• [Problem requirements] Within the listing below, give again exactly the lines between the one containing "Tile 1 x 4 with" and the one containing "AE/PR/FCPX/达芬奇模板：浪漫情人节爱情婚礼爱心活力涂鸦手绘元素动画模板 , sucaiwan.com", inclusive, pictures left aside.

*** Opening Records to process ***

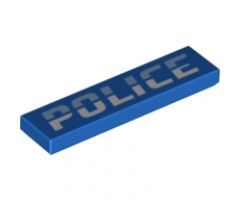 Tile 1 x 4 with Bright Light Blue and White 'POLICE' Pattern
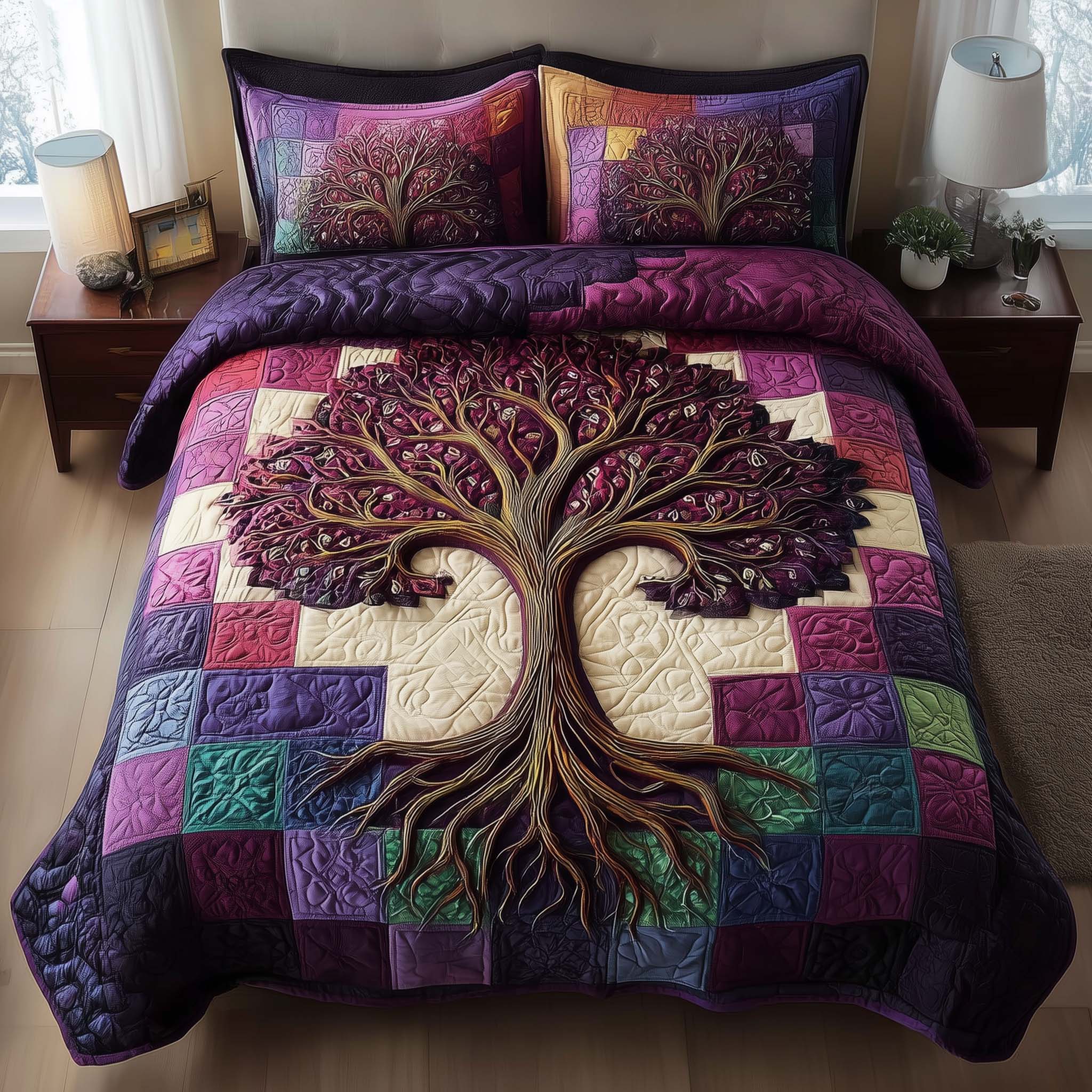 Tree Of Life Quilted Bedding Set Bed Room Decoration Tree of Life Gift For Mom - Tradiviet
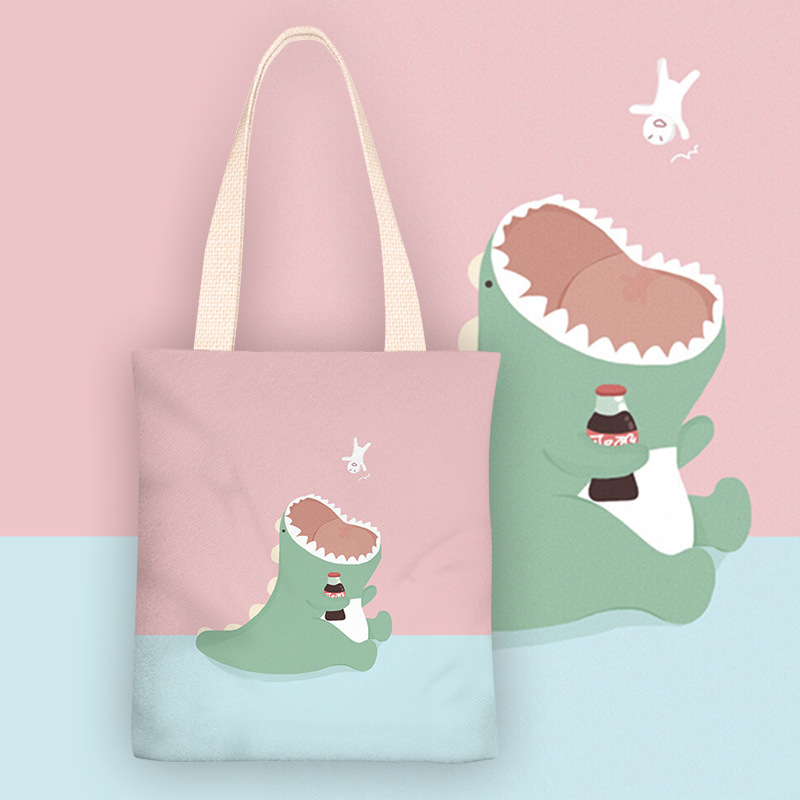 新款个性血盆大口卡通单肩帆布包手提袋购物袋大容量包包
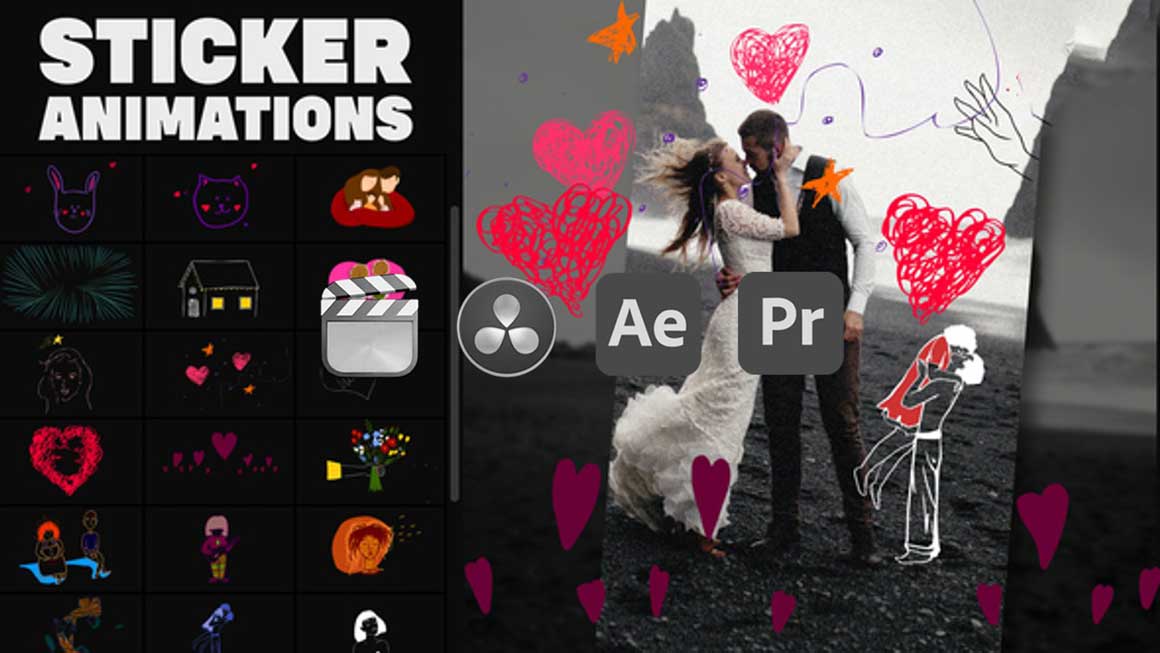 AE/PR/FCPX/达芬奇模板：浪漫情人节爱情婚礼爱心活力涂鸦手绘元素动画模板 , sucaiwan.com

*** Closing Records to process ***
*** Opening Records to process ***

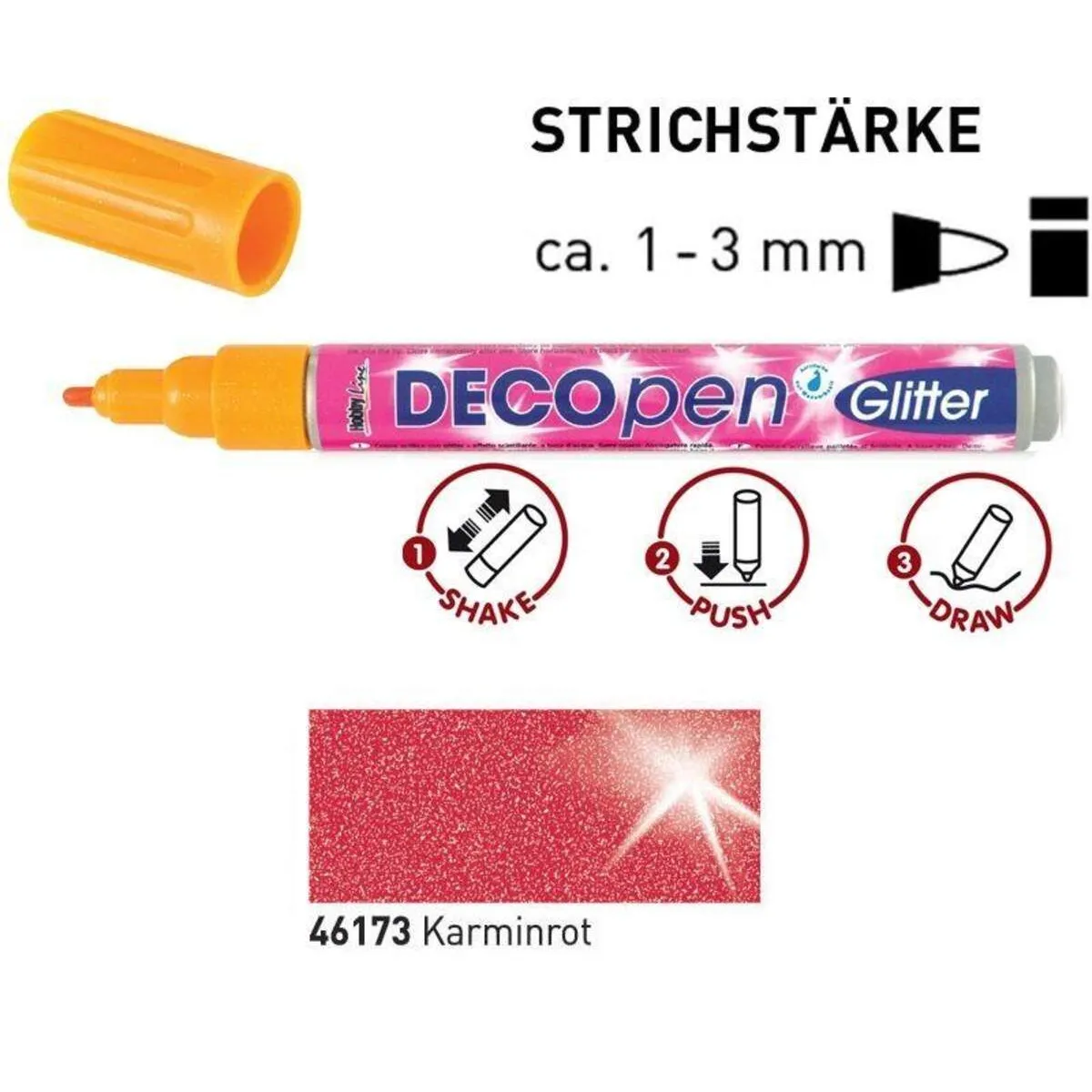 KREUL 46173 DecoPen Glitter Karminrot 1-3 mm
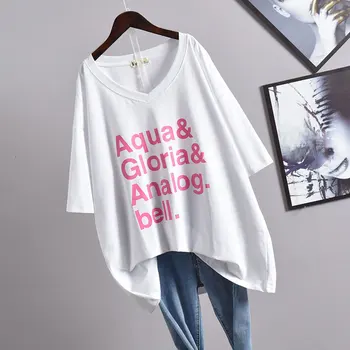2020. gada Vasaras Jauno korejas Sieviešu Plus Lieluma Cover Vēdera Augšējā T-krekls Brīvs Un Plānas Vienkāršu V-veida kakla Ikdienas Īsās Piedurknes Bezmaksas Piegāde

*** Closing Records to process ***
*** Opening Records to process ***

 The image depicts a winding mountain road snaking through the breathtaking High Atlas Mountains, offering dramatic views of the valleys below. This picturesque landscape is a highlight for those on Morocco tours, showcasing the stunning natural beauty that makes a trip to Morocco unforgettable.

*** Closing Records to process ***

• [Answer to this exercise]
 Tile 1 x 4 with Bright Light Blue and White 'POLICE' Pattern
 Tree Of Life Quilted Bedding Set Bed Room Decoration Tree of Life Gift For Mom - Tradiviet
 新款个性血盆大口卡通单肩帆布包手提袋购物袋大容量包包
 AE/PR/FCPX/达芬奇模板：浪漫情人节爱情婚礼爱心活力涂鸦手绘元素动画模板 , sucaiwan.com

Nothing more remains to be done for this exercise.